Par Paul Herbert

Si vous ne le saviez pas encore, Andrzej Sapkowski, l’auteur du Sorceleur, a écrit une autre série appelée La Trilogie Hussite dont on vient de publier le premier tome, La Tour des Fous et que vous pouvez retrouver par ICI

La Trilogie Hussite, comme son nom l’indique, comporte trois romans historiques, même si des éléments d’imaginaire se sont subrepticement glissés dans les interstices de leurs pages.

Cette trilogie prend place au temps des Croisades de Bohême (aussi appelés Croisades contre les Hussites ou Croisades anti-Hussites ou Guerres Hussites) qui ont agité l’Europe au XVe siècle.

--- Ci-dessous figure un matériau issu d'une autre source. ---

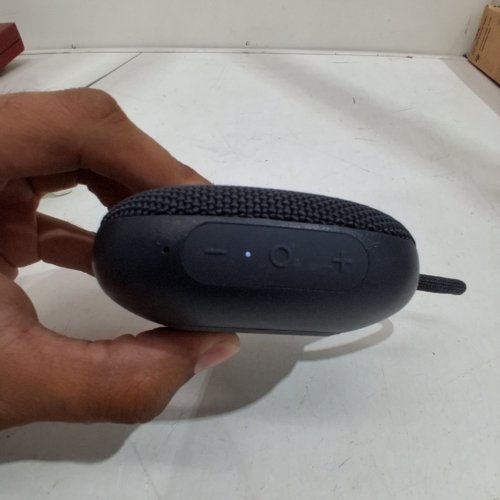 ONN. BLUETOOTH MINI RUGGED SPEAKER WITH TWS SYNC MODE - BLACK image 2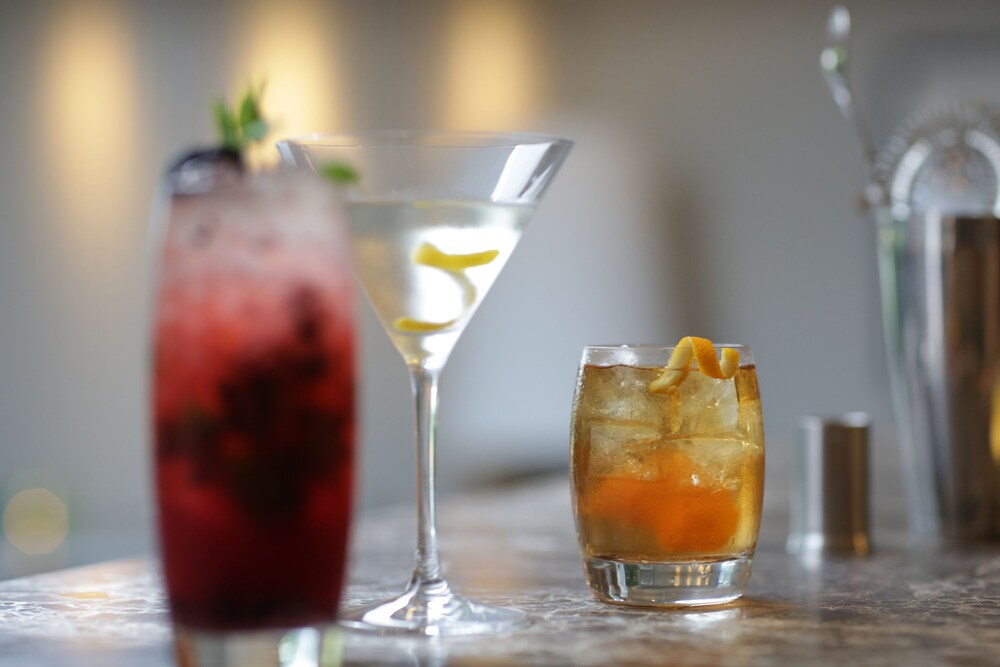 Hotel Bar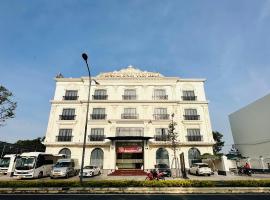 Tín Hoà Hotel โรงแรมในSoc Trang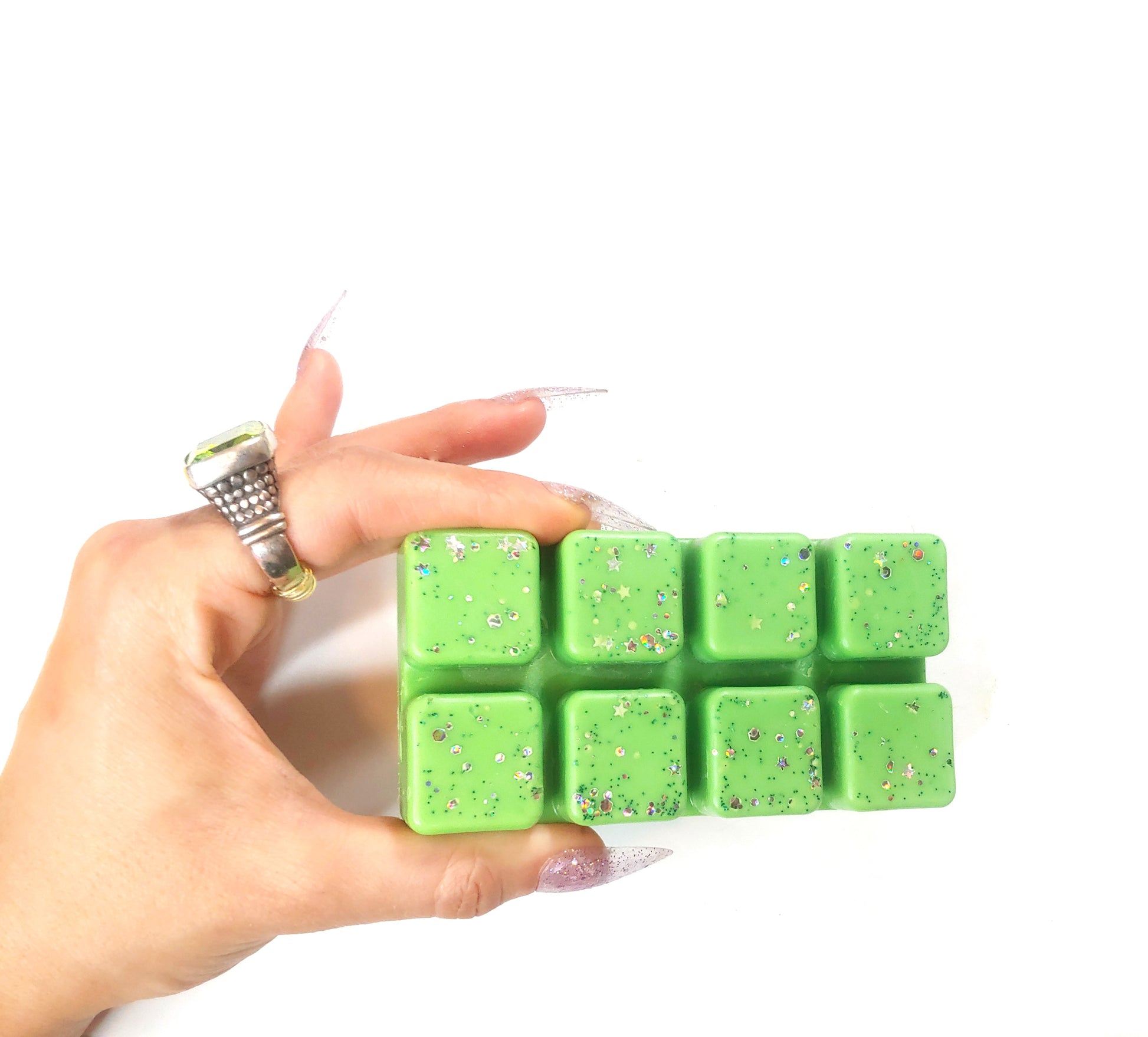 Crystal Jungle wax melts. White floral, dewy nectar scented wax melts.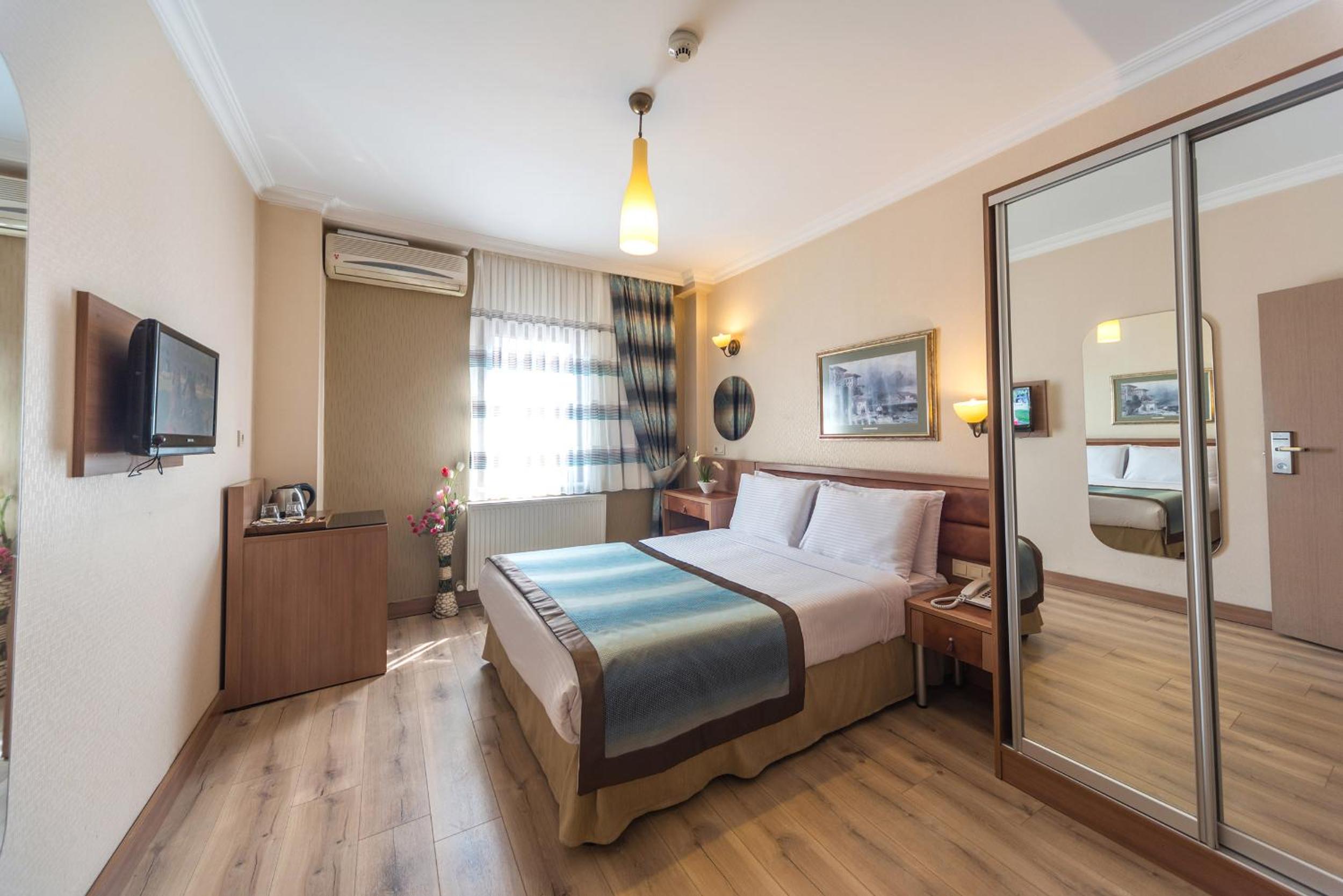 Single Room photo 3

Et si comme moi, vous n’avez pas révisé votre histoire médiévale d’Europe Centrale depuis fort longtemps, vous vous demandez peut-être : mais c’est quoi donc ces Croisades de Bohême et ces Hussites ?

Cette question, elle est aussi passée par ma tête quand on m’a présenté ce nouveau cycle mais comme c’est quand même beaucoup plus simple d’entrer dans un roman historique quand on a deux, trois idées des petites broutilles qui se déroulent en arrière-plan, je me suis plongé pour moi, et pour vous aussi chers lecteurs dans cette histoire plutôt très méconnue chez nous mais ô combien fascinante des Croisades contre les Hussites.

 

Mais d’abord, de quoi ça parle, La Tour des Fous ?

 

Avant toute chose, laissez-moi vous présenter à grands traits où commence cette nouvelle fresque historique de Sapkowski. Dans La Tour des Fous, on suit Reinmar von Bielau, surnommé Reynevan, herboriste, espion, magicien à ses heures mais, avant toute chose, amateur de femmes mariées. Le problème avec les femmes mariées, c’est qu’elles ont généralement un mari. Or quand les frères du mari vous surprennent en train de fauter avec sa femme, la discussion qui s’en suit est rarement cordiale. On comprendra donc que Reynevan, qui se retrouve dans pareille situation, préfère prendre congé plutôt que d’affronter la colère de ces hommes parfaitement déraisonnables.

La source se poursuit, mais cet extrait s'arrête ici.